# Work to be completed
Leave the pictures in the listing below aside and reproduce exactly the lines starting with the one with "Nouveau modèle, dernières" and going on through the one with "Лексус ES350 2017 — миниатюра 6", both ends included.
--------------------------------------------------
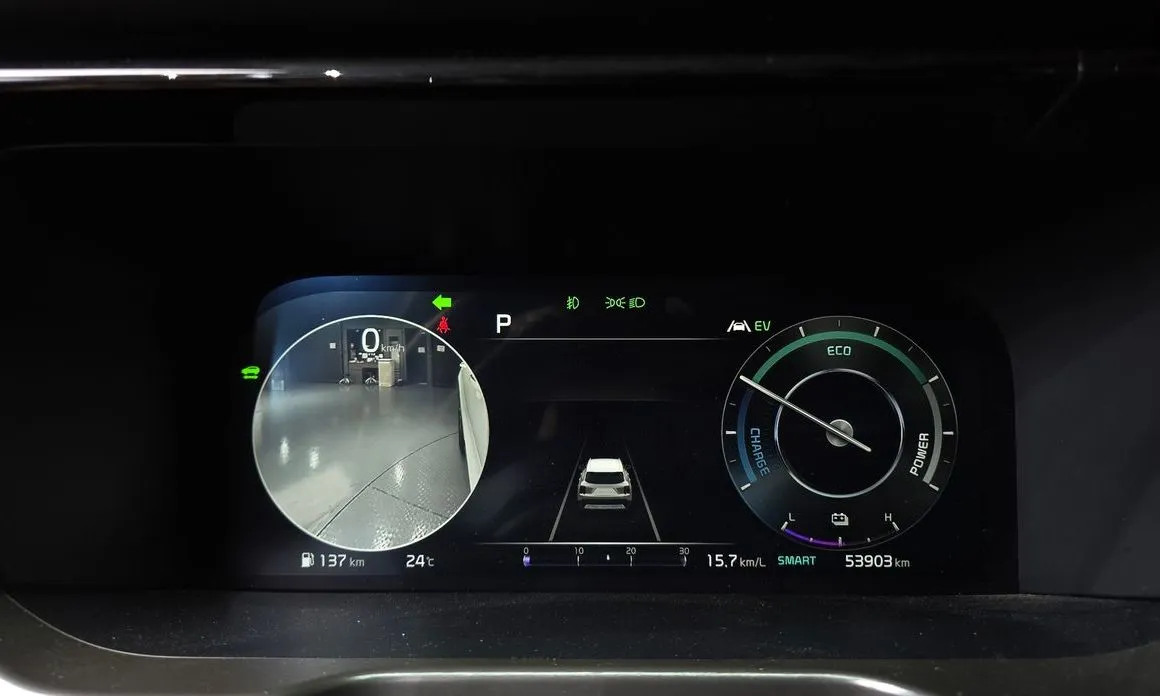 Kia Sorento — фото 6
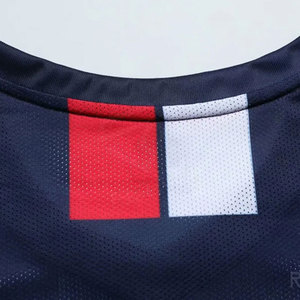 Nouveau modèle, dernières impressions, uniformes de football de haute qualité 100% polyester avec logo personnalisé et tailles sur mesure pour l'entraînement et les vêtements de sport - Product Image 3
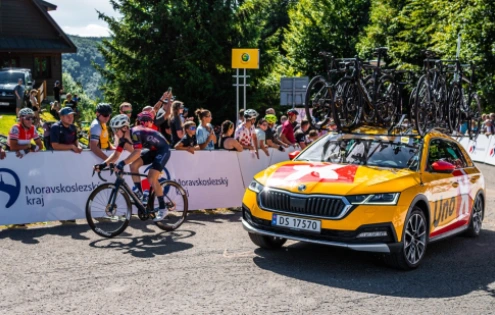 Uno-X má nakročeno do WorldTour, Cofidis po dramatickém závěru sezony sestupuje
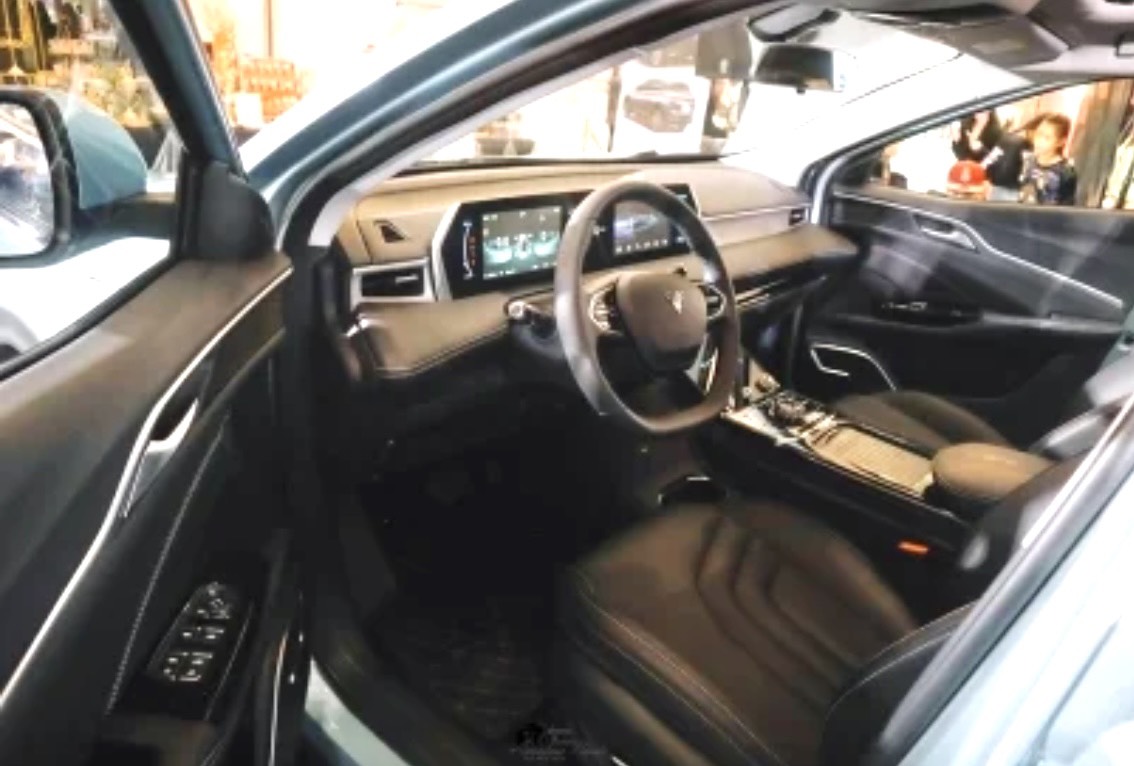 Mẫu SUV cỡ C chạy điện của Trung Quốc vừa ra mắt tại Lào, có Logo khá giống xe VinFast? - Ảnh 4. Mẫu SUV cỡ C chạy điện của Trung Quốc vừa ra mắt tại Lào, có Logo khá giống xe VinFast? - Ảnh 4.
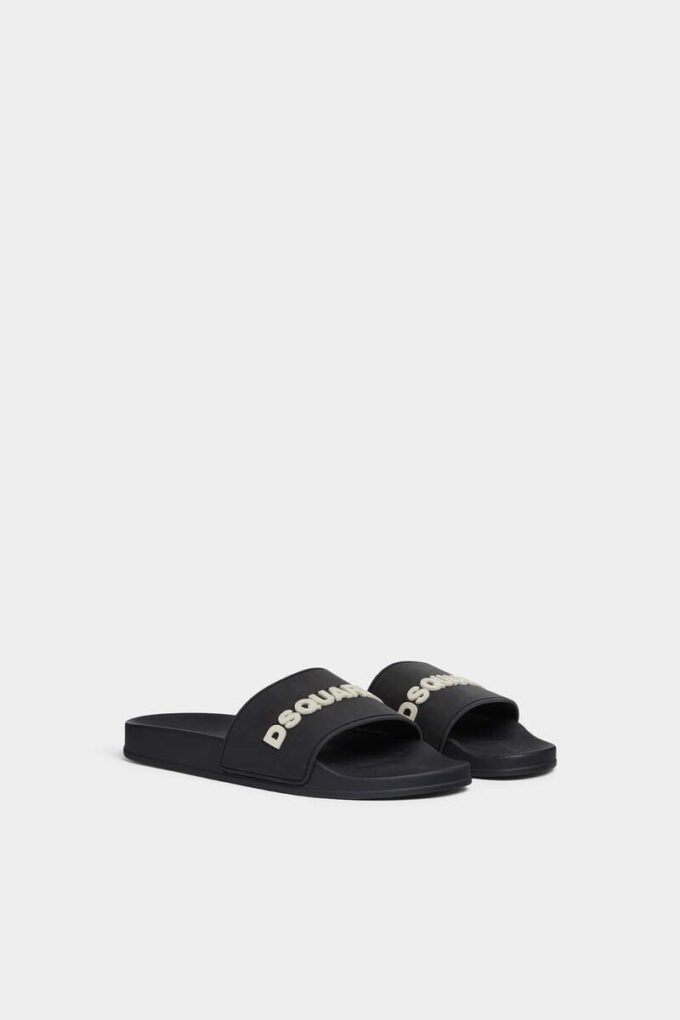 Klapki z logo Dsquared2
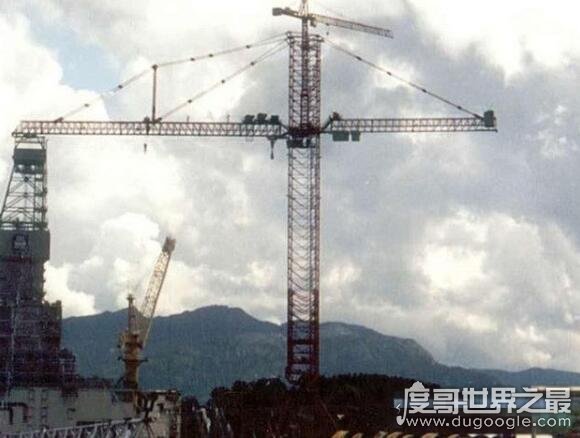 世界上最大的塔吊，D5200-240塔式起重机(起重能力达240吨)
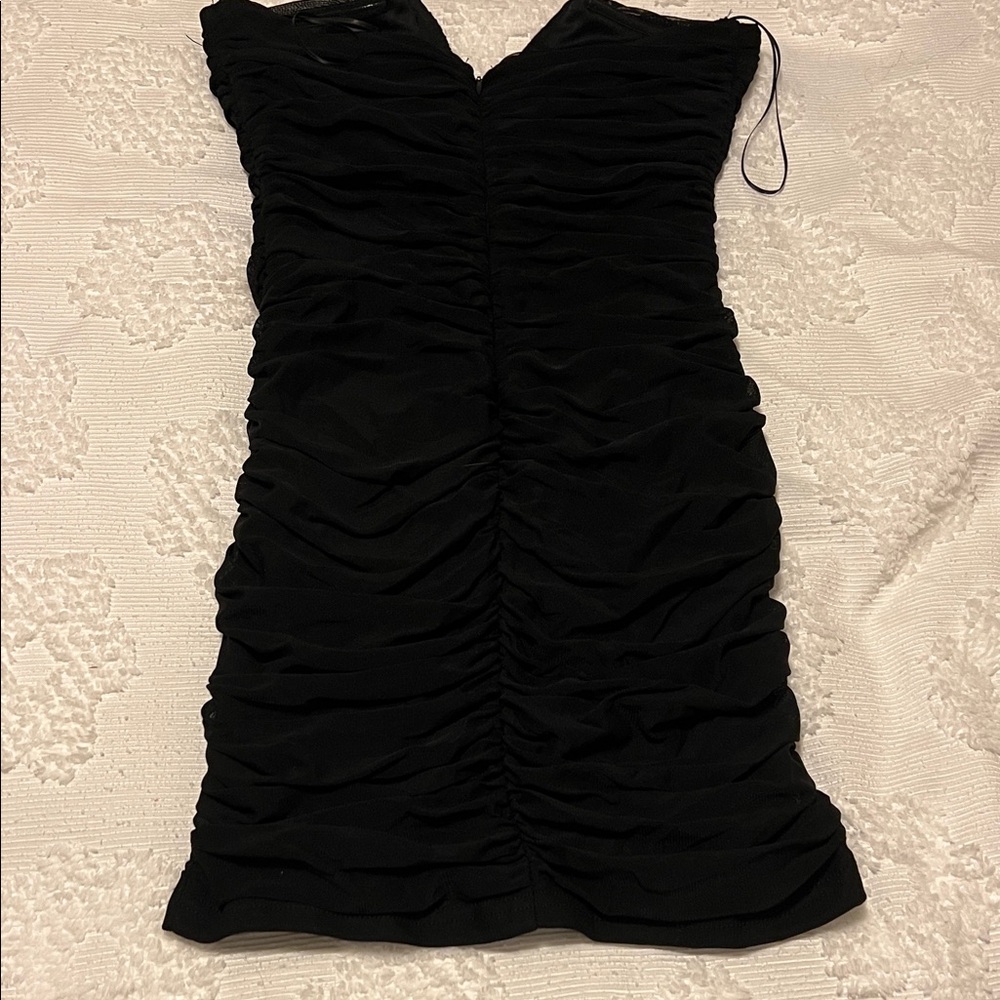 Mini dresses - Picture 6 of 7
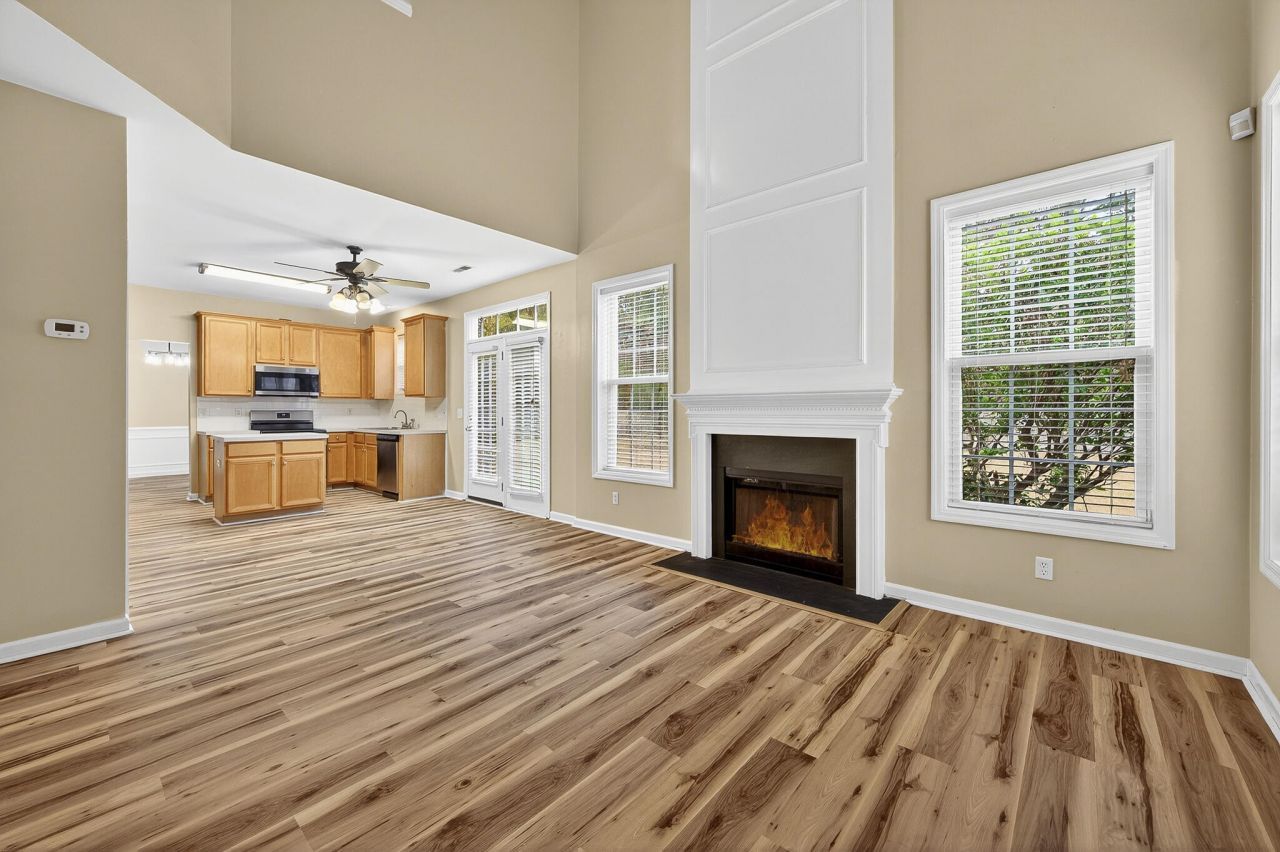 176 Thousand Oaks Circle Photo 12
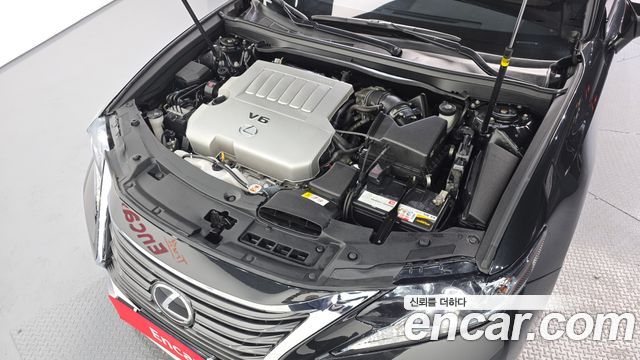 Лексус ES350 2017 — миниатюра 6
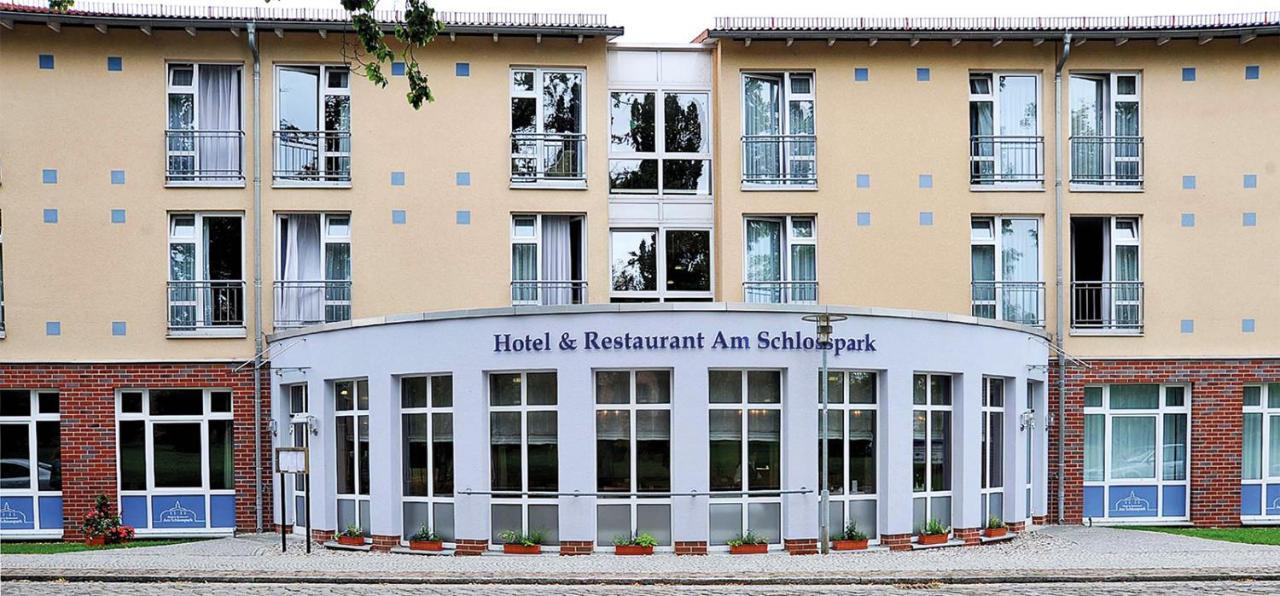 Hotel & Restaurant Am Schlosspark Dahme  Eksteriør bilde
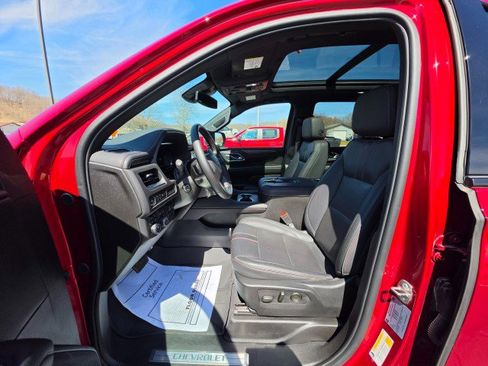 Used 2023 Chevrolet Tahoe RST w/ Luxury Package image 32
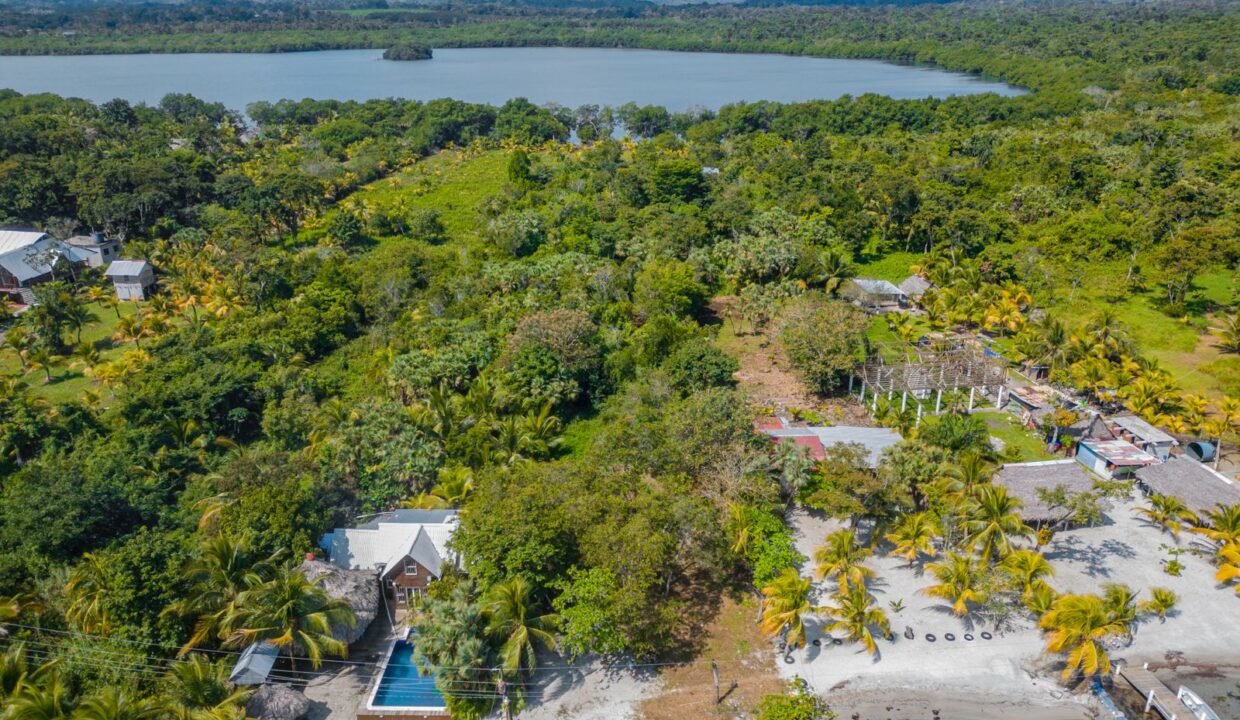 Terreno en Nueva Punta Palma Frente al Mar Puerto Barrios (9)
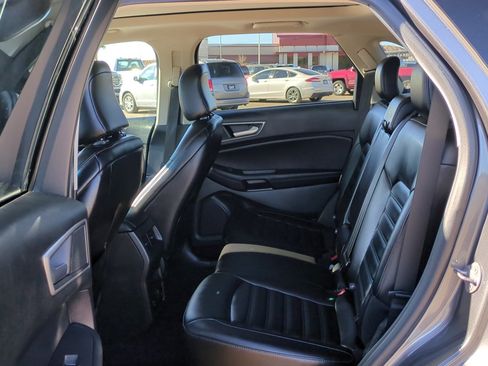 Used 2021 Ford Edge SEL w/ Convenience Package image 29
--------------------------------------------------
# Task output
 Nouveau modèle, dernières impressions, uniformes de football de haute qualité 100% polyester avec logo personnalisé et tailles sur mesure pour l'entraînement et les vêtements de sport - Product Image 3
 Uno-X má nakročeno do WorldTour, Cofidis po dramatickém závěru sezony sestupuje
 Mẫu SUV cỡ C chạy điện của Trung Quốc vừa ra mắt tại Lào, có Logo khá giống xe VinFast? - Ảnh 4. Mẫu SUV cỡ C chạy điện của Trung Quốc vừa ra mắt tại Lào, có Logo khá giống xe VinFast? - Ảnh 4.
 Klapki z logo Dsquared2
 世界上最大的塔吊，D5200-240塔式起重机(起重能力达240吨)
 Mini dresses - Picture 6 of 7
 176 Thousand Oaks Circle Photo 12
 Лексус ES350 2017 — миниатюра 6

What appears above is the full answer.